Later in life Redgrove was given invaluable support as a poet by Philip Hobsbaum, whom he met at Cambridge, and who founded the group that he attended along with Porter, Brownjohn, Martin Bell, George MacBeth, Edward Lucie-Smith and others in the fifties and sixties. He was helped to address his psychosexual obsessions by the unorthodox Jungian analyst John Layard, to whom he dedicated The Idea of Entropy at Maenporth Beach, and above all, in the second half of his life, he formed a fulfilling personal and creative partnership with Penelope Shuttle.
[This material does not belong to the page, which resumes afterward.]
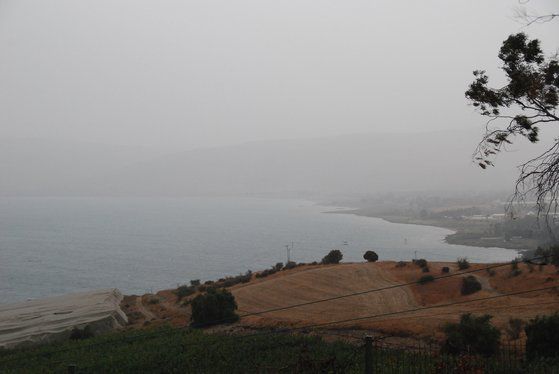 성장한 예수가 하늘의 메시지를 전했던 이스라엘 북부의 갈릴리 호수. 이 언덕에서 예수는 산상수훈을 설했다.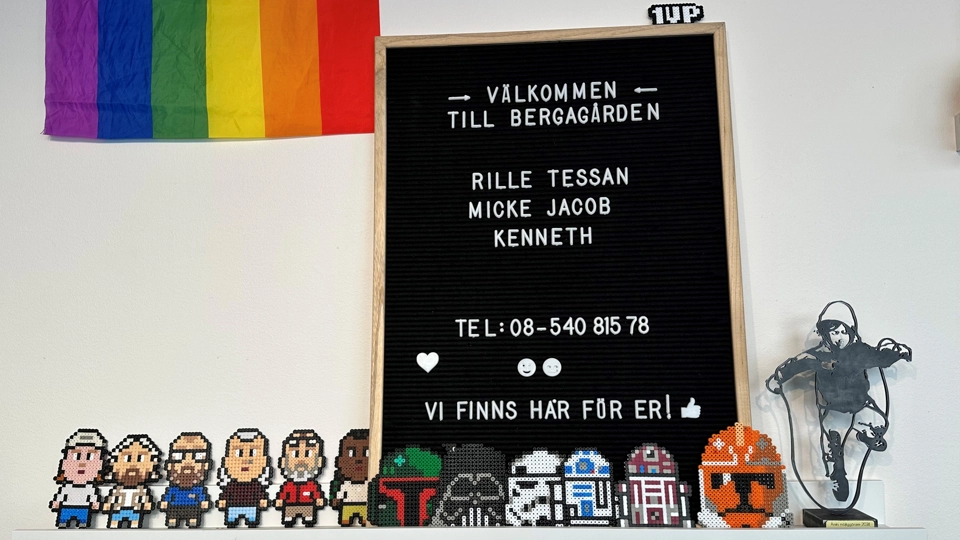 Skylt och pärlplattor som föreställer människor och Star Wars-figurer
As my comments on The Idea of Entropy and Lazarus and the Sea show, the point of literary biography isn’t to help with the interpretation of poems: these, if they are any good, work without knowledge of the poet’s life. But I hope my book does illuminate the poetic process, what it takes – and costs – to be a poet, and how often painful and destructive experiences can be transformed by a poet of Peter Redgrove’s calibre.

Neil Roberts is Emeritus Professor of English Literature at Sheffield University and has written books about Ted Hughes, D.H. Lawrence, George Eliot and George Meredith as well as Peter Redgrove. He lives in Derbyshire.